Business Studies – 1.1 Business activity | e-Consult
1.1 Business activity (1 questions)
The availability and cost of the factors of production – land, labour, capital, and enterprise – significantly impact a business's operations and profitability. Let's consider the impact of a change in the cost of labour. An increase in the cost of labour, for example due to a minimum wage increase or a shortage of skilled workers, can have several consequences.
- Increased Production Costs: Higher wages directly increase a business's variable costs. This can reduce profit margins if prices cannot be raised.
- Reduced Profitability: If a business cannot pass on increased costs to consumers through higher prices (due to competition or price sensitivity), its profitability will decrease.

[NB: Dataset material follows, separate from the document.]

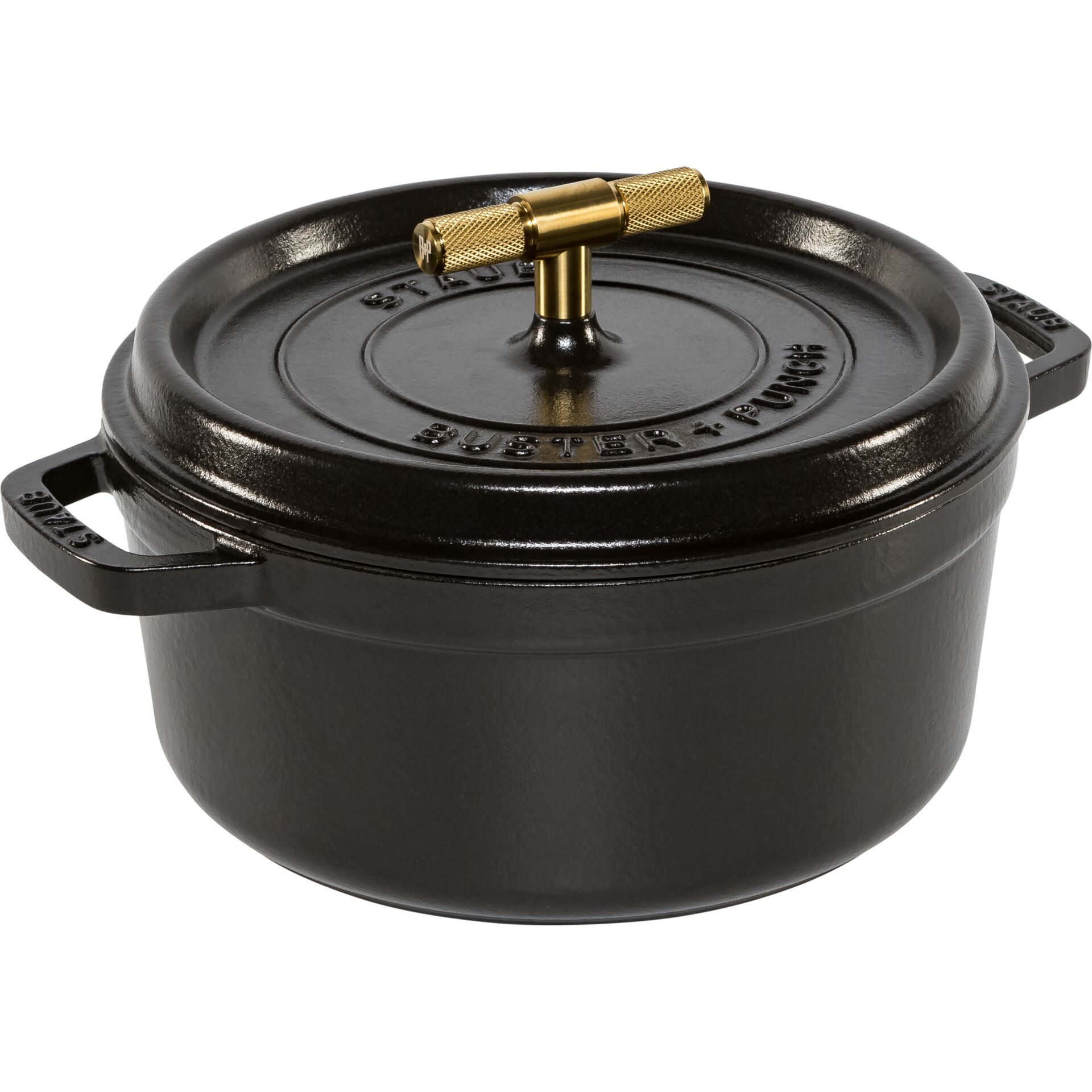 Staub La Cocotte Buster & Punch  24 cm rund, schwarz, Gusseisen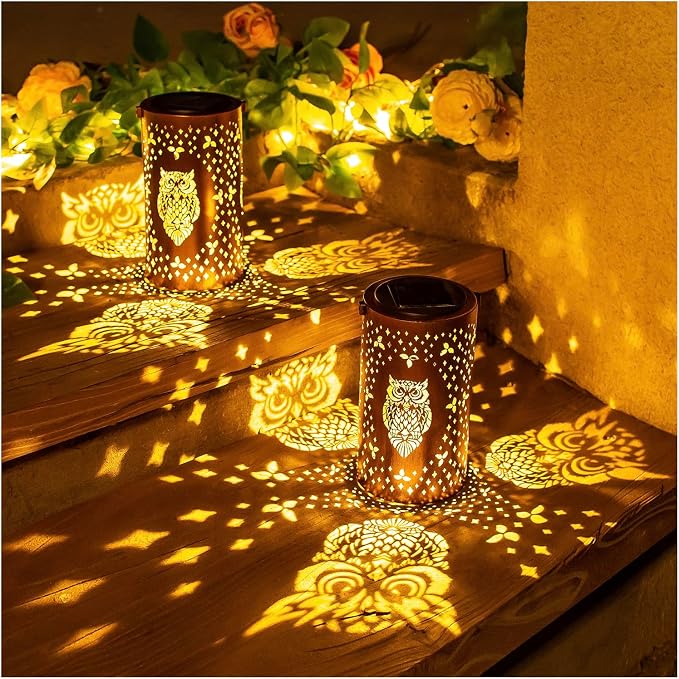 Owl Solar Lanterns Outdoor Waterproof Hanging Solar Lights Owl Gifts - Image 3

- Investment in Technology: To mitigate rising labour costs, a business might invest in automation and technology to replace manual labour. This requires significant capital investment.
- Outsourcing: A business might choose to outsource production to countries with lower labour costs. This can lead to quality control issues and ethical concerns.
- Reduced Employment: In the worst-case scenario, a business might reduce its workforce to cut costs, leading to job losses.
Example: A small manufacturing company relying on manual labour might struggle with a significant rise in the minimum wage. They may need to invest in machinery, potentially leading to temporary layoffs. Alternatively, they might consider relocating production to a country with lower labour costs, but this carries risks.